The humanist was also known as Lazzaro da Bassano and his surname is also reported as Bonamici, Buonamico, Buonamici, Bonamigo, Bassani or Basciano.

Works
Lazzaro was a pupil of Pietro Pomponazzi and commented and continued the work of his master, above all in the field of physics. Contrarily to other fellow disciples, he openly supported the materialistic ideas of the master, together with Giulio Cesare Scaligero, Simone Porzio, Andrea Cesalpino, Sperone Speroni, and the professor Cremonino da Cento who made carve on his tomstone: "Hic iacet Cremoninus totus", meaning that, besides the body, buried in the grave, there was nothing.
He was an authoritative exponent of the group of the Ciceronians, aimed to spread a style inspired to the return to the Roman classicism, taking as their models Cicero (for prose) and Virgil (for poetry), even for works in vulgar tongue (the present Italian language). Lazzaro was a friend of Pietro Bembo, the most authoritative of the Ciceronians, even if with some reservation for its positions.
He was a member of Padua's Accademia degli Infiammati, founded in 1540 by Leone Orsini with the motto «Burnt the mortal, to heaven will ascend the eternal».Other members were Pietro Aretino, Ruzante, Sperone Speroni, Benedetto Varchi and Luigi Alamanni. There were held exercises also in Greek and Latin. With Speroni, who took the chair of the Academy in 1542, the activity was carried out mostly in vulgar, on philosophical and literary arguments.

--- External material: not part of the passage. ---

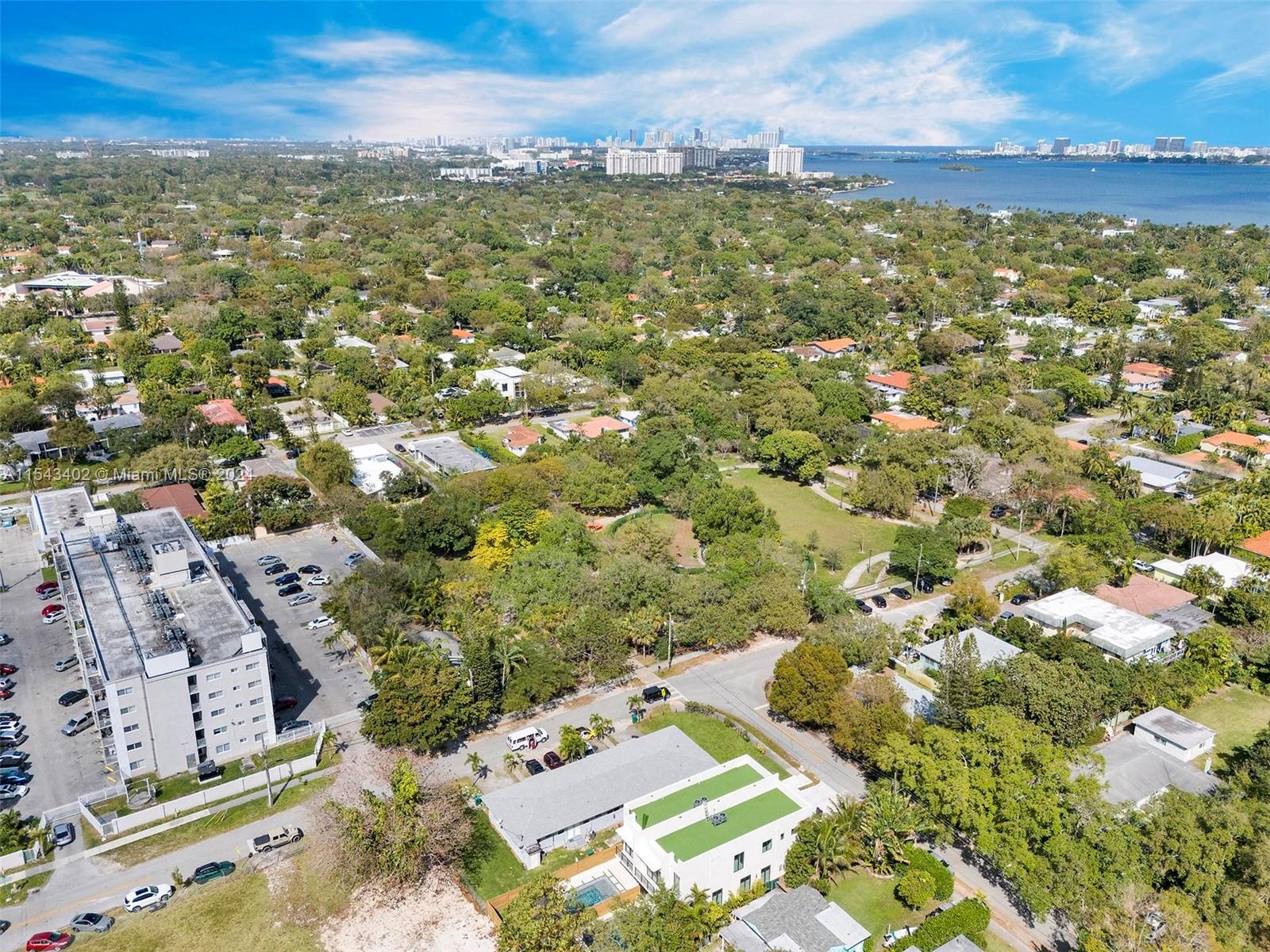 8860 NE 8th Ct, Unincorporated Dade County, Florida 33138, 3 Bedrooms Bedrooms, ,4 BathroomsBathrooms,Residential,For Sale,8860 NE 8th Ct,A11543402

The Academy was dissolved between 1545 and 1550.
Between his pupils in Venice the future cardinal Agostino Valier (or Valeri), (1531-1606) who later was the bishop of Verona, and moreover was master of Bunel, Dolet and Longueil.
He was an authoritative supporter of the superiority of the Latin on the vulgar, and so he appears in the Dialogo delle lingue (Dialogue of languages, 1542) by Sperone Speroni, in which he imagines a debate between Lazzaro, Pietro Bembo and two anonymous characters, on the occasion of the appointment to Lazzaro of the chair of Greek and Latin eloquence.
Barthélemy Masson, sent on a mission in Italy by Francis Ist of France, in Padua met and described with great praises, besides Alessandro Socino, also Lazzaro Bonamico, with whom he met by a common friend.
None of the works of Lazzaro was sent to the press while he was still alive, and the circulation of his ideas was entrusted mainly to manuscripts and university lessons, in which imposed the secret to his own disciples. His most important work (Concetti della lingua latina, Concepts of the Latin language) was printed for the first time in 1562, even if this contrasts with what was written in 1539 by the Venetian bookseller and humanist Nicolò Franco, who quotes the works of Lazzaro between those that could not lack in a serious bookshop. The humanist from Cremona Benedetto Lampridio, wrote a 'metropindaric' ode to Lazzaro Bonamico.

a portrait
A bronze bust of Lazzaro is exposed in the Museo Civico of Bassano del Grappa; it was sculptured by Danese Cattaneo (or Cataneo) (approx. 1509-1573), native of Colonnata (near Carrara, Tuscany), a mannerist sculptor, pupil of Sansovino. The work is considered a kind of prototype for the typology of the portrait-busts.

bibliographic references:
Francesco Piovan (1988) - Per la biografia di Lazzaro Bonamico (Contributi alla storia dell'Università di Padova)
http://www.italica.rai.it/rinascimento/parole_chiave/schede/bonamico_lazzaro.htm

http://www.ens-lsh.fr/labo/cerphi/biblio/pompon.htm
http://www.studiolum.com/es/silva2.htm
http://www.classicitaliani.it/desan/desan12.htm

http://www.italica.rai.it/rinascimento/parole_chiave/schede/accademia_infiammati.htm
http://www.wga.hu/frames-e.html?/bio/c/cattaneo/biograph.html
http://www.in-su-la.com/personali/franco.htm
http://www.cronologia.it/storia/aa1200o.htm

http://www.kwart.kataweb.it/kwart/ita/magazinedett.jsp?idContent=227695&idCategory=660
http://www.fiu.edu/~mirandas/bios1583.htm
http://www.italica.rai.it/rinascimento/cento_opere/speroni_dialogo.htm
http://www.centrodirittiumani.unipd.it/scuola0304/pilota/_ppe_vi/STORIA/PPE%20STORIA/DE%20MARTINI_UNIVERSITA'.doc.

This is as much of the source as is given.